Saturday (March 21st) provided two unique opportunities for a close-up, almost hands-on view of this extraordinary continent, its wildlife and the glacial sculptures that encase it from north to south and east to west. We arrived in Wilhelmina Bay (one for the Netherlands) just after breakfast and boarded the Zodiac boats for a two hour exploration (below is the satellite image from Google Earth).

It wasn’t long before we realised that this bay was teaming with life, not just above the surface but lurking below as well. It is one thing to see a humpback whale up close, but quite another to have it surface next to your boat and then dive underneath, with its vast shadowy outline visible in the water beneath you.

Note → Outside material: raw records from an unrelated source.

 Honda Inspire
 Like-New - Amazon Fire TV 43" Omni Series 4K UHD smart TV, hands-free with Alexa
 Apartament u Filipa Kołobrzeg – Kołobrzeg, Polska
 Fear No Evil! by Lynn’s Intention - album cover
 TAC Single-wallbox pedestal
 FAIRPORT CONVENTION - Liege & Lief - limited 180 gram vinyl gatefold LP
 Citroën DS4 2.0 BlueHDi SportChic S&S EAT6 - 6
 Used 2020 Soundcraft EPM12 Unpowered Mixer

Whilst I was captivated by the marine life, I know that I have done a disservice to the vast array of bird life flying in and around the delicate columns of glacial ice that seem to be defying gravity in their bid to remain upright. My colleague in our social performance team in The Hague, who is a dedicated bird watcher, will no doubt be reminding me of this fact when I see him next.

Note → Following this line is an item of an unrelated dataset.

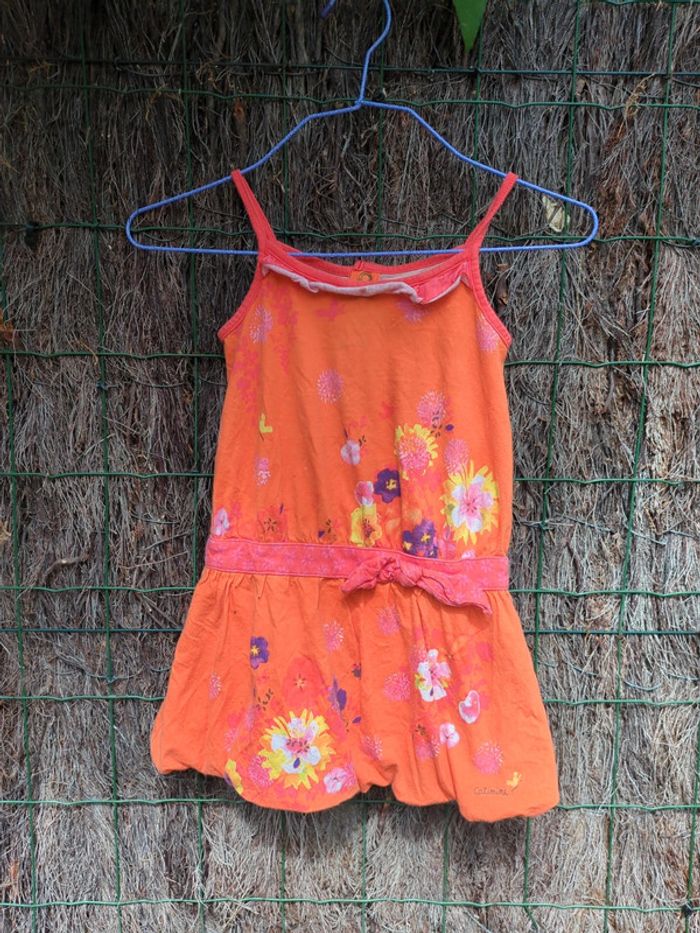 Robe catimini 3 ans 🐈 bac a vendre - photo numéro 2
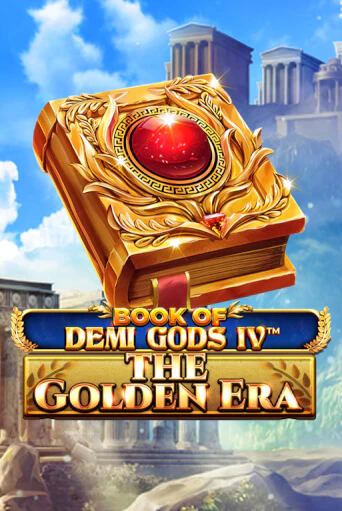 Демо игра Book Of Demi Gods IV - The Golden Era играть онлайн | Casino X Online бесплатно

On the subject of glaciers, rather than the birdlife that can be seen around them, words – at least the ones that I can bring to mind – cannot describe the majesty of these towering structures. Even my pictures struggle to capture the grandeur and scale that the visitor experiences in Wilhelmina Bay and much of the rest of the Antarctic Peninsula. On either side of a glacial flow, mountains literally soar out of the sea, reaching heights that repeatedly amaze as the clouds and mist part to reveal craggy peaks that force the neck to strain to see the very top of. No two glaciers are alike and the range of colours on show just within what we call “blue” is surreal. If all this wasn’t enough for one day, we then moved to another bay where the expedition stayed the night ashore. Although we ate on the ship (eating and cooking ashore requires another level of permitting under the Antarctic Treaty), we slept in tents at the base of a glacier with a Weddell seal (or leopard seal – the debate was endless) just metres away, torn between watching us and watching the penguins in hope of a next meal. Some chose to sleep outside the tents, so this meant a vigorous period of wall building for protection against the wind. By nightfall, the small peninsula on which we were sleeping looked sufficiently fortified to take on not just the wind but a small army as well.  Here are some photos:

 

I somehow imagined a cold eerie silence would fill the night, but I couldn’t have been more wrong. Every few minutes a boom filled the air as a piece of glacier collapsed into the sea somewhere across the bay. Despite this I slept well, to be awoken at dawn by a chorus of penguins reminding us that they are still here, despite the presence of both an expedition and a hungry seal.  Sadly, many of the remaining penguins in this part of the Antarctic have missed the winter exodus so may well perish in the coming weeks as winter descends on the continent.